Deutsche Welle: Nachdem die Wahl in Kenia am Montag (04.03.2013) weitgehend friedlich blieb, spitzt sich die Lage jetzt zu. Die CORD-Allianz von Raila Odinga spricht inzwischen von Wahlbetrug und forderte einen Stopp der Auszählung. Die Jubilee-Allianz des Gegenkandidaten Uhuru Kenyatta will verhindern, dass ungültige Stimmen doch mitgezählt werden. Beide hatten vorab immer wieder versichert, das Wahlresultat anzuerkennen. Wie beurteilen Sie die Lage?
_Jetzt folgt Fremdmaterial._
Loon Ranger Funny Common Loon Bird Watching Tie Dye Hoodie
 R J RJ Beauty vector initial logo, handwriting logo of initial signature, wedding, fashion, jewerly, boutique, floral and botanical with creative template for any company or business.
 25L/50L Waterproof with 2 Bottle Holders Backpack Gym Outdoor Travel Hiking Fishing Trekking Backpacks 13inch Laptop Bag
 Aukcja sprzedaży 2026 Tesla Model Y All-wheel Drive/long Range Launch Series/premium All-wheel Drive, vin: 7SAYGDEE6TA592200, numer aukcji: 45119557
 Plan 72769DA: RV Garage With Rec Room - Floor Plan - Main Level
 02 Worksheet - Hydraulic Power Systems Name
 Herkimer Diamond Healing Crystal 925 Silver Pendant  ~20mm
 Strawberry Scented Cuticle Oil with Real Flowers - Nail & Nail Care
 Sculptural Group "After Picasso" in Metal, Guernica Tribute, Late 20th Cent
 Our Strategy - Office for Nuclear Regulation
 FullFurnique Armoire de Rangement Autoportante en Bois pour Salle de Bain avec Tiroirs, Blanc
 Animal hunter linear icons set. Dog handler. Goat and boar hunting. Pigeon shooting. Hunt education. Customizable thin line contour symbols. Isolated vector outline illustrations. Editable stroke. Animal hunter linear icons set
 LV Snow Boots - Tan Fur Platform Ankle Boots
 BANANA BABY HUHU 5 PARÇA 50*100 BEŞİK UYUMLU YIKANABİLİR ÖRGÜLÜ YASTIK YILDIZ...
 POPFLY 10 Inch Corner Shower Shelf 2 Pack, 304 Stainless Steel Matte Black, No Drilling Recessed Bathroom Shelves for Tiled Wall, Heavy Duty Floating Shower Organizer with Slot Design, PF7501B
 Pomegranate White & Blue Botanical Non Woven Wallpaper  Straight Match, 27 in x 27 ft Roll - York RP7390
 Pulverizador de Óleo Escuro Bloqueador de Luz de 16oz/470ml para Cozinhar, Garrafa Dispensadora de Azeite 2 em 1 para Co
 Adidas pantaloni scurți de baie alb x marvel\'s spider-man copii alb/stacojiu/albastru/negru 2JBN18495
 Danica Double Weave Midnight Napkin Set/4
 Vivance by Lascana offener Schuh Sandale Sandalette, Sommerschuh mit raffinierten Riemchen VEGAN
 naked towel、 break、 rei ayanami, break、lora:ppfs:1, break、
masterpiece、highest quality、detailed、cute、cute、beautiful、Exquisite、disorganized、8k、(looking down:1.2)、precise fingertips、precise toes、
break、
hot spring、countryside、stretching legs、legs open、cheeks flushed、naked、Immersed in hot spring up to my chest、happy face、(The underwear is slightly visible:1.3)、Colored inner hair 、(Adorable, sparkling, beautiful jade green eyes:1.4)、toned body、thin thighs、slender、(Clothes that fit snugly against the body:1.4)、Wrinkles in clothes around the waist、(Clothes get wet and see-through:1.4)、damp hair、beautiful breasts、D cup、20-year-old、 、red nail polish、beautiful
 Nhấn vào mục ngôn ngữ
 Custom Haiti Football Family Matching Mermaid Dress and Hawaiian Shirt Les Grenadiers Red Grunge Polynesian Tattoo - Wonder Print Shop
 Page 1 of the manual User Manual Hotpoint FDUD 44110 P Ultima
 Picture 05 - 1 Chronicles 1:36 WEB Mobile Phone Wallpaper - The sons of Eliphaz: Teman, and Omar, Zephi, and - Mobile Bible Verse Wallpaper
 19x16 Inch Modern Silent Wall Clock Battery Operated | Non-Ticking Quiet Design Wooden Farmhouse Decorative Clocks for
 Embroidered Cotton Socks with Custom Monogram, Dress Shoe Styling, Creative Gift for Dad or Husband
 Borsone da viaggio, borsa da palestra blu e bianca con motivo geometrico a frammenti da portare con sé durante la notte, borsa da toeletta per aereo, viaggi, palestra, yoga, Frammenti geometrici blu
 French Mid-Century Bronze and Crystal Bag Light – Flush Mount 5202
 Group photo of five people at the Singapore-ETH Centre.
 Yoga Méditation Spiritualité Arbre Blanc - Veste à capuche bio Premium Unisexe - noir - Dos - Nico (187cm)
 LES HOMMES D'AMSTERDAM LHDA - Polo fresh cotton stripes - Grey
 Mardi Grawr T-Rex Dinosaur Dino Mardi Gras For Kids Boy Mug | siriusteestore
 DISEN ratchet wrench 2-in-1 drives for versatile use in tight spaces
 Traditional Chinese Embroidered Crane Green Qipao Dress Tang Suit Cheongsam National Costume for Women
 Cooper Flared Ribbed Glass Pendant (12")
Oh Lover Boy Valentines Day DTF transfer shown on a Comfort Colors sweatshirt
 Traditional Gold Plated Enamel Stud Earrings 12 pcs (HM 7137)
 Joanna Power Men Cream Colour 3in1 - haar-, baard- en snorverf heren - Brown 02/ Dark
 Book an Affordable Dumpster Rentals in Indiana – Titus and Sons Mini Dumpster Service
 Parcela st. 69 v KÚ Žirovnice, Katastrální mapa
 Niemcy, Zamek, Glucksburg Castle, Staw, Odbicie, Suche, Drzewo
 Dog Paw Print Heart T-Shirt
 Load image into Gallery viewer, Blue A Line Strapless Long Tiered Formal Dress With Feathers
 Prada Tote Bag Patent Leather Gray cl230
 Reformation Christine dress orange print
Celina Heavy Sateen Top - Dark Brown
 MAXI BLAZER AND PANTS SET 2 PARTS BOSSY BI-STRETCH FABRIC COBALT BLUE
Günther Nooke: Für uns hier in Berlin ist es ganz schwierig, die Lage zu bewerten. Selbst mit den Kollegen der Botschaft und mit anderen Personen vor Ort in Nairobi, mit denen ich telefoniert habe, ist es nicht ganz einfach abzuschätzen, was Tatsachen sind und was speziell gestreute Gerüchte von der einen oder anderen Seite sein könnten. Von daher bleibt zu hoffen, dass die Wahlkommission wirklich unabhängig ist und die Stimmen nach besten Wissen und Gewissen ehrlich auszählt. Aber schon die Debatte um die ungültigen Stimmen, die zum Teil eben jetzt nicht mehr existieren, zeigt, dass offensichtlich doch nicht alles mit rechten Dingen zu geht.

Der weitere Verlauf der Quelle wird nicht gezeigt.